Paragraphs 23 to 60 of Cmnd. 6890 provided a considerable amount of information on these matters. In certain cases detailed information was not provided because the introduction of certain taxes would not be permissible under EEC law. Taxes falling into this category include Scottish and Welsh supplements to VAT, a general sales tax in Scotland or Wales, and differential taxes in Scotland and Wales on cigarettes. In relation to the remaining taxes, I am afraid that in most cases it would not be possible to provide all the information asked for by my hon. Friend except at disproportionate cost to public funds. The only additional information I can provide is given below.

Income Tax

Paragraphs 23 to 36 of Cmnd. 6890 discussed the case for a supplementary income tax to be paid by taxpayers resident in Scotland and Wales.
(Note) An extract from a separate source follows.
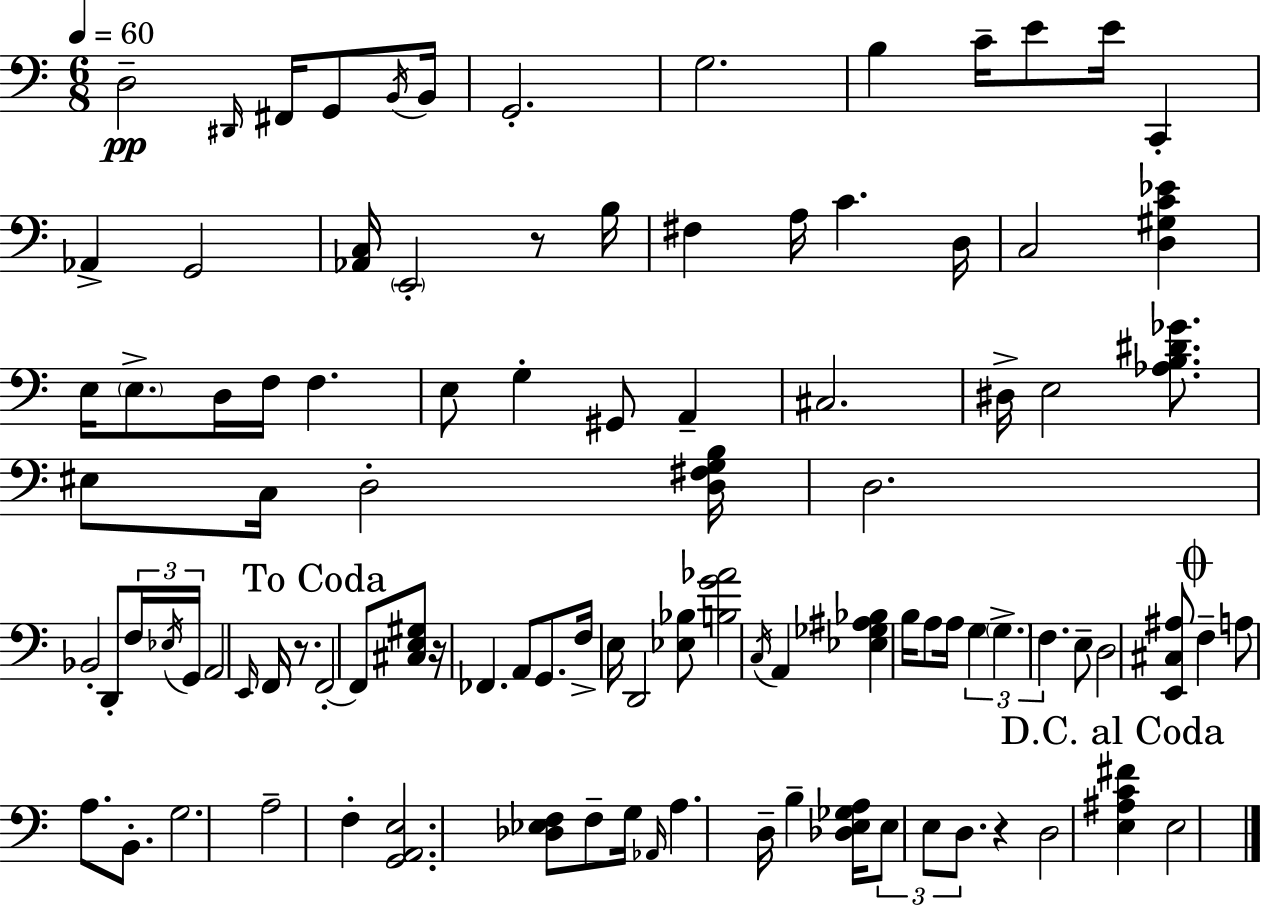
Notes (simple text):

D3/h D#2/s F#2/s G2/e B2/s B2/s G2/h. G3/h. B3/q C4/s E4/e E4/s C2/q Ab2/q G2/h [Ab2,C3]/s E2/h R/e B3/s F#3/q A3/s C4/q. D3/s C3/h [D3,G#3,C4,Eb4]/q E3/s E3/e. D3/s F3/s F3/q. E3/e G3/q G#2/e A2/q C#3/h. D#3/s E3/h [Ab3,B3,D#4,Gb4]/e. EIS3/e C3/s D3/h [D3,F#3,G3,B3]/s D3/h. Bb2/h D2/e F3/s Eb3/s G2/s A2/h E2/s F2/s R/e. F2/h F2/e [C#3,E3,G#3]/e R/s FES2/q. A2/e G2/e. F3/s E3/s D2/h [Eb3,Bb3]/e [B3,G4,Ab4]/h C3/s A2/q [Eb3,Gb3,A#3,Bb3]/q B3/s A3/e A3/s G3/q G3/q. F3/q. E3/e D3/h [E2,C#3,A#3]/e F3/q A3/e A3/e. B2/e. G3/h. A3/h F3/q [G2,A2,E3]/h. [Db3,Eb3,F3]/e F3/e G3/s Ab2/s A3/q. D3/s B3/q [Db3,E3,Gb3,A3]/s E3/e E3/e D3/e. R/q D3/h [E3,A#3,C4,F#4]/q E3/h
Each additional 1p on the basic rate in 1975–76 would have yielded about £38 million additional revenue in Scotland and about £18 million in Wales. The corresponding staff costs are given in paragraph 36: 3,500 for Scotland and Wales at a cost of about £15 million and 2,500 staff for Scotland alone.
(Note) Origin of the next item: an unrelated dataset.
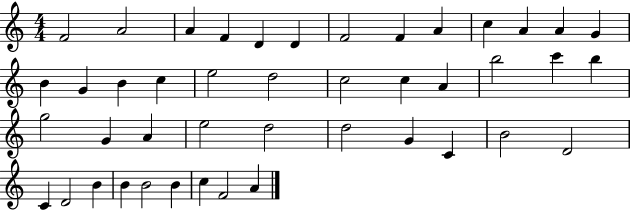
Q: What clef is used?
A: treble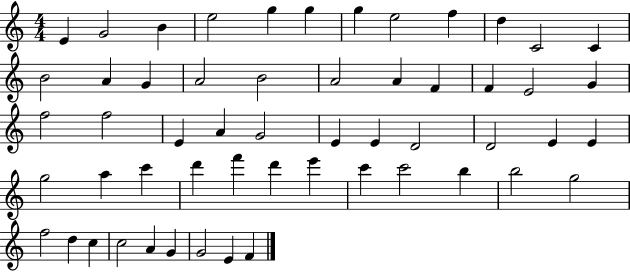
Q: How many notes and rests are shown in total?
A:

An income tax based on a person's place of employment would probably yield about the same amounts as a residence-based income tax, though as noted in paragraph 37 of Cmnd. 6890, rather fewer administrative staff would be required—perhaps 2,000 for a tax relating to Scotland alone.
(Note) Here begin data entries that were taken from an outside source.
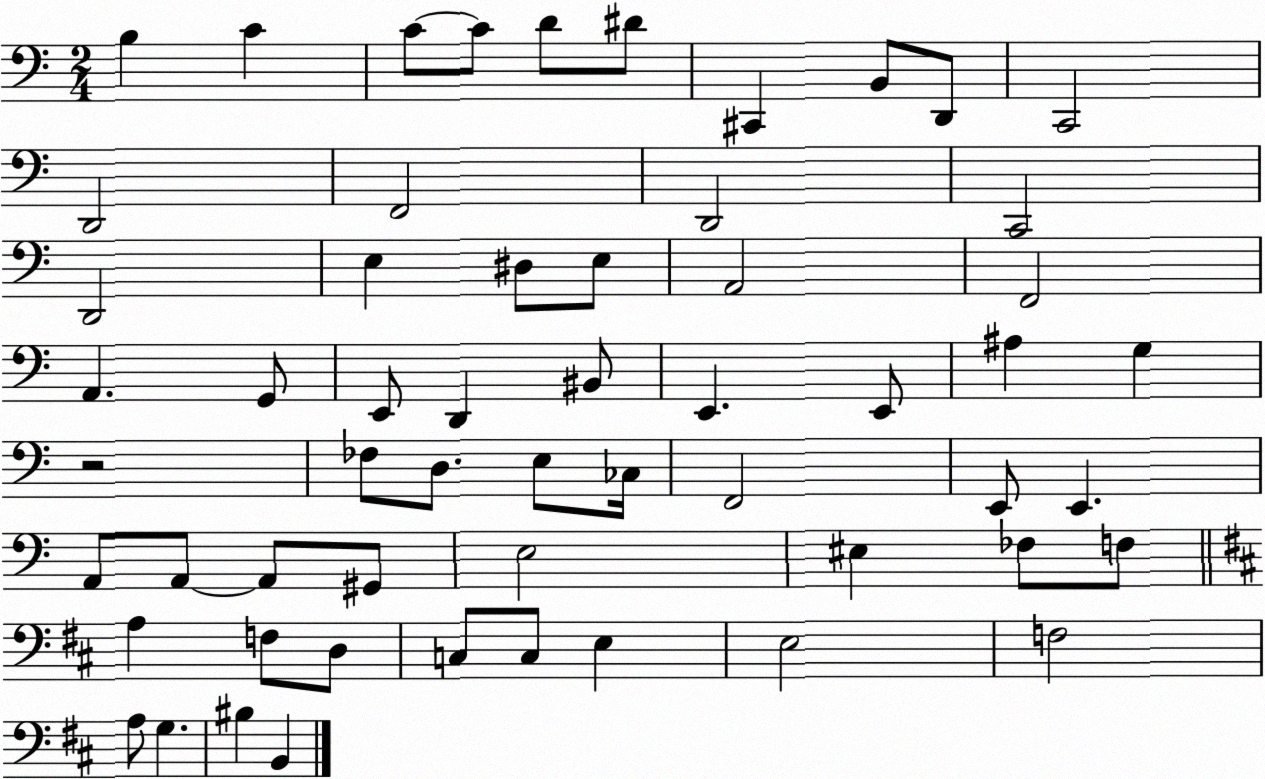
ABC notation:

X:1
T:Untitled
M:2/4
L:1/4
K:C
B, C C/2 C/2 D/2 ^D/2 ^C,, B,,/2 D,,/2 C,,2 D,,2 F,,2 D,,2 C,,2 D,,2 E, ^D,/2 E,/2 A,,2 F,,2 A,, G,,/2 E,,/2 D,, ^B,,/2 E,, E,,/2 ^A, G, z2 _F,/2 D,/2 E,/2 _C,/4 F,,2 E,,/2 E,, A,,/2 A,,/2 A,,/2 ^G,,/2 E,2 ^E, _F,/2 F,/2 A, F,/2 D,/2 C,/2 C,/2 E, E,2 F,2 A,/2 G, ^B, B,,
Paragraph 38 of Cmnd. 6890 discussed an alternative approach under which the Assemblies would receive the whole yield of income tax payable in Scotland and Wales respectively and would also be free to fix their own income tax rates. The estimated total income tax payable by Scottish residents for 1975–76 was £1,330 million. The corresponding figure for Wales was £630 million.

Sales Taxes on Particular Commodities

There would be severe practical difficulties in imposing differential taxes on top of existing national duties on hydrocarbon oils and alcoholic drinks, as indicated in paragraph 45 of Cmnd. 6890, and it is not possible to estimate the staffing requirements and administrative costs which would arise though they would inevitably be relatively high. However, the proportion of total United Kingdom receipts for these duties that was borne by residents in Scotland and Wales can be estimated on the basis of other statistics such as those contained in the Family Expenditure Survey. On this approach a supplementary tax of 10 per cent. on hydrocarbon oil duty in 1975–76 might have produced a gross yield—that is, before allowing for the effects on demand of increased taxation—of about £13 million in Scotland and £9 million in Wales. Similarly, a 10 per cent. surcharge on all duties on alcoholic drink might have resulted in a gross yield of about £20 million in Scotland and about £7 million in Wales.

A Tax on the Occupatiorn of Property

As noted in paragraph 46 of Cmnd. 6890, the Government originally proposed that the devolved administrations should have power to place a surcharge on the rates but this did not find public favour. A 10 per cent. surcharge on local authority rates in 1975–76 in Scotland would have yielded about £40 million in Scotland and about £15 million in Wales. If such a surcharge had been collected by local authorities, the administrative costs would have been relatively small.